Segment Open

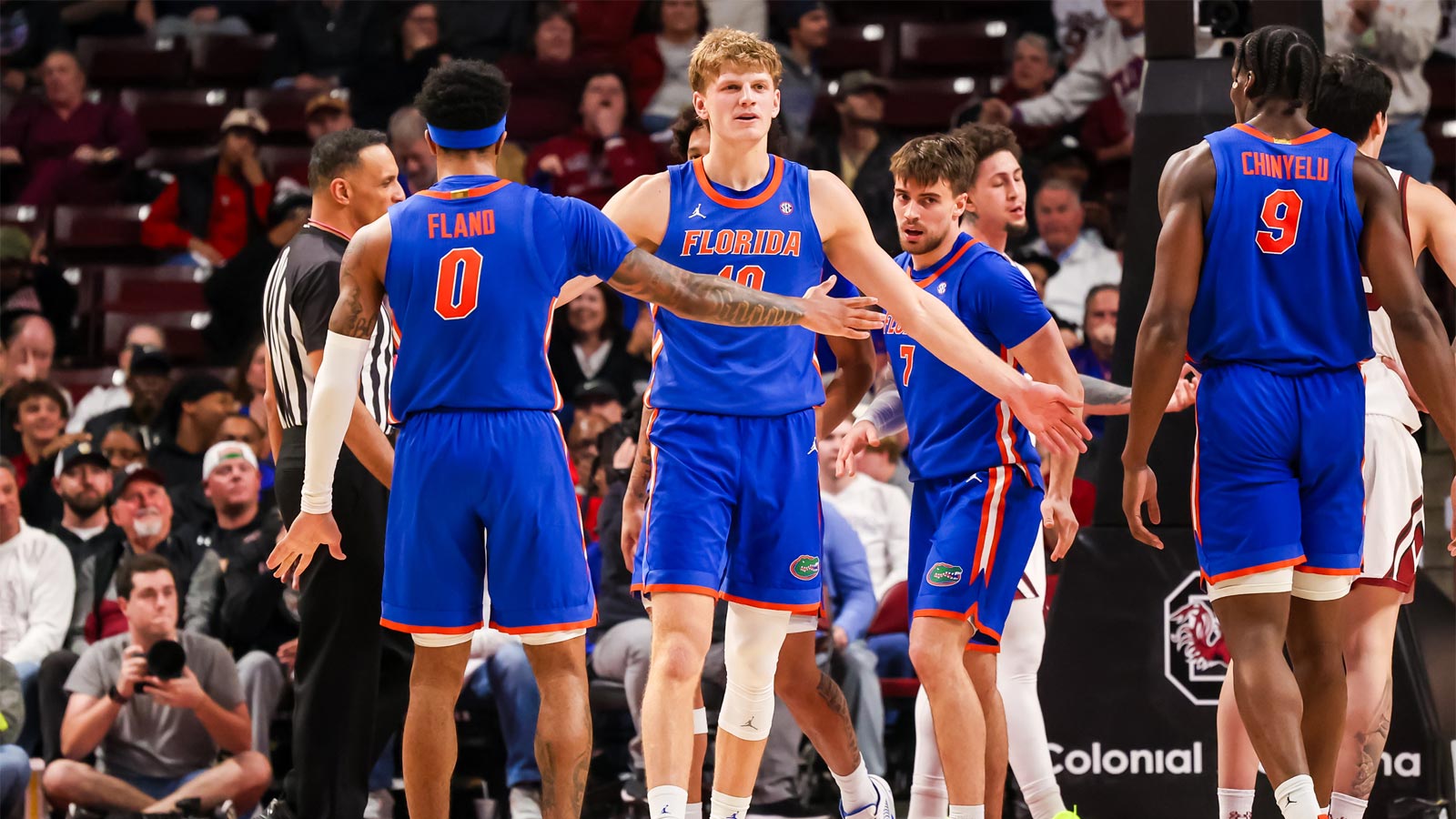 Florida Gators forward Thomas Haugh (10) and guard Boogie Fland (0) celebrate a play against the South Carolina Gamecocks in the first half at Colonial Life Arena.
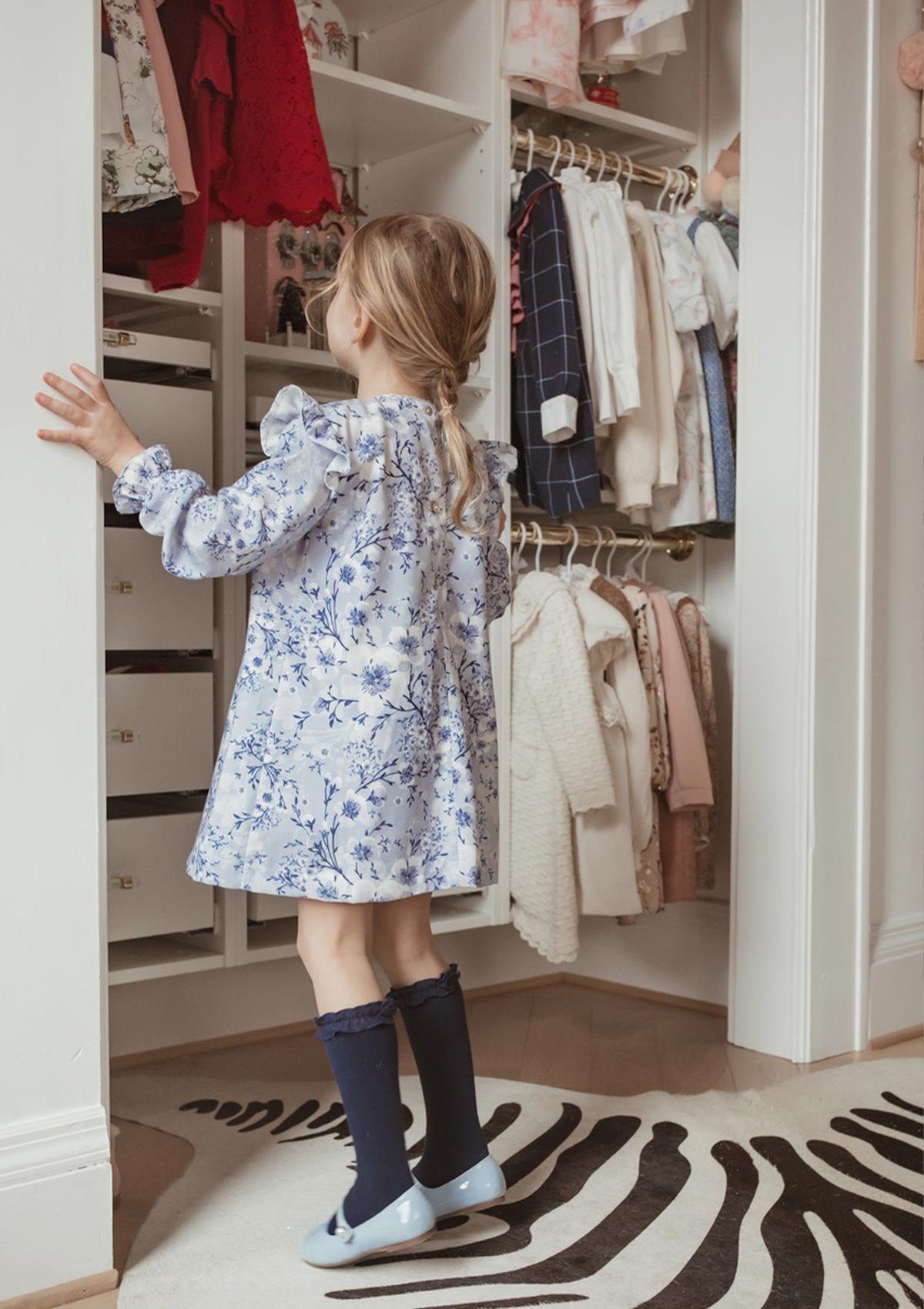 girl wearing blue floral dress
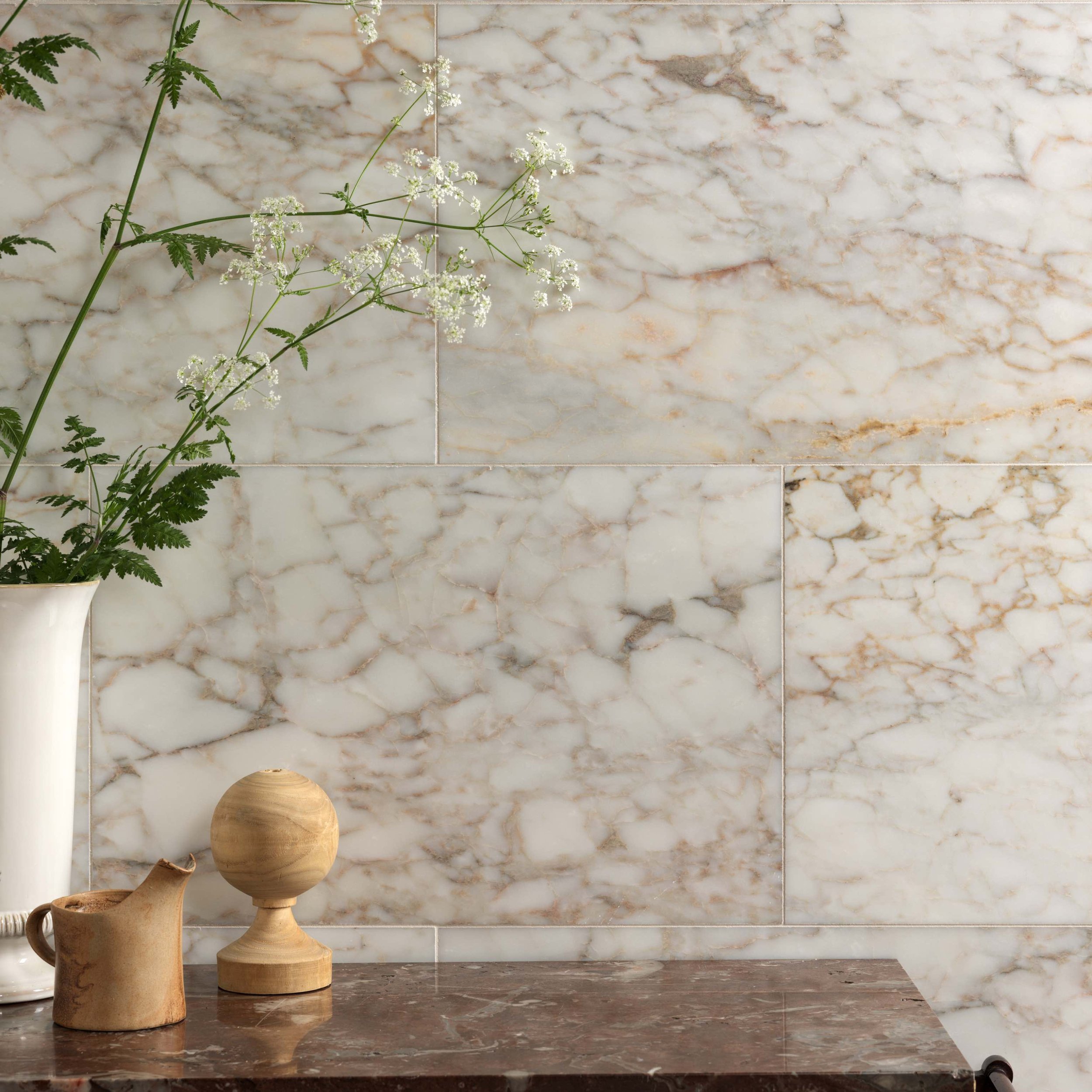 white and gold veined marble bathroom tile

Segment Closed
Segment Open

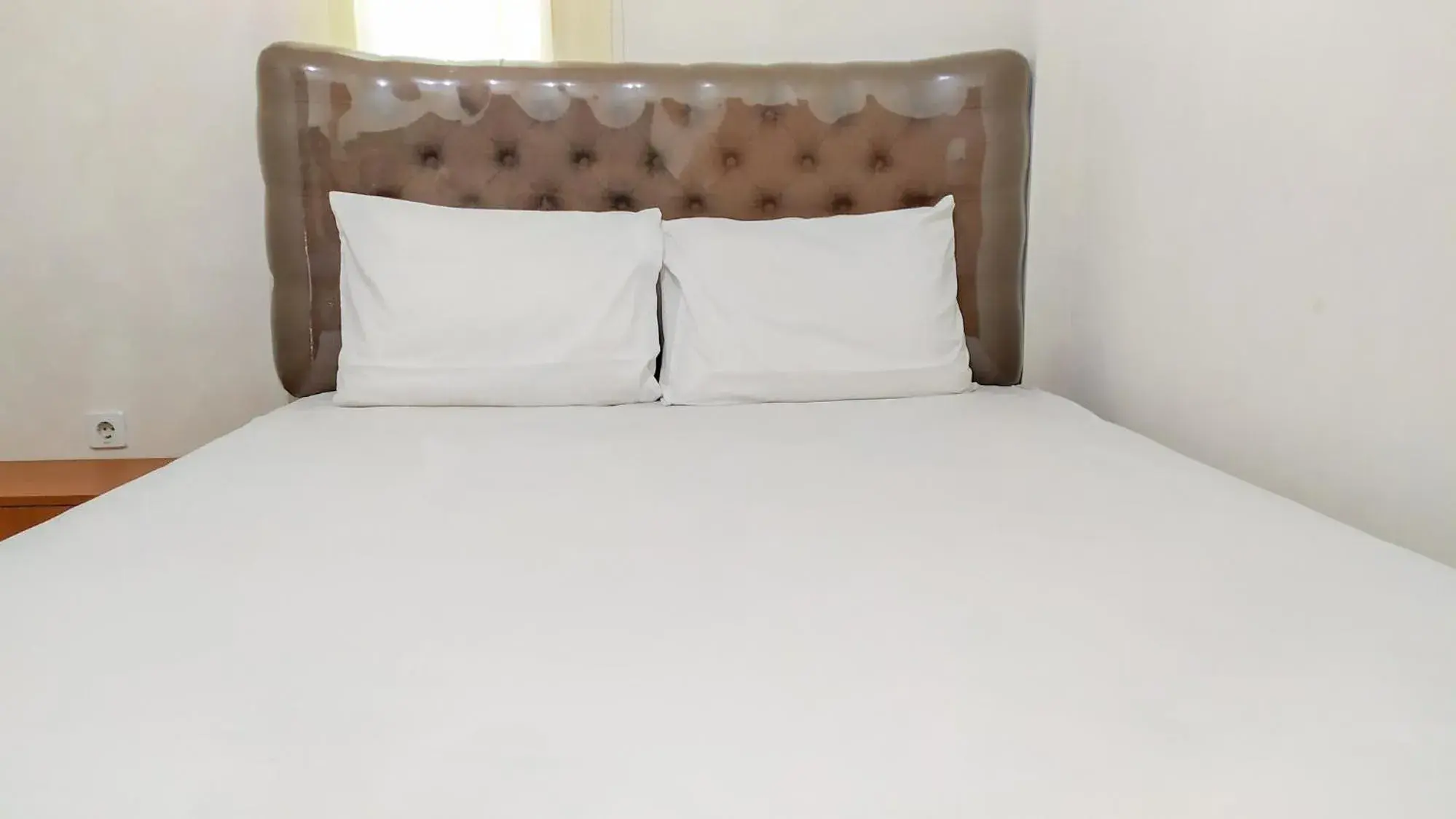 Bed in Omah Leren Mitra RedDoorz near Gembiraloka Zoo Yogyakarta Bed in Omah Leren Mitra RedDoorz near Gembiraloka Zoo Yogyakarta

Segment Closed

> **What this task involves**:
Within the material above, only the stretch from the line holding "Florida Gators forward" through the line holding "white and gold veined marble bathroom tile" is to be restated exactly. Pictures are dropped.

> **Finished exercise**:
 Florida Gators forward Thomas Haugh (10) and guard Boogie Fland (0) celebrate a play against the South Carolina Gamecocks in the first half at Colonial Life Arena.
 girl wearing blue floral dress
 white and gold veined marble bathroom tile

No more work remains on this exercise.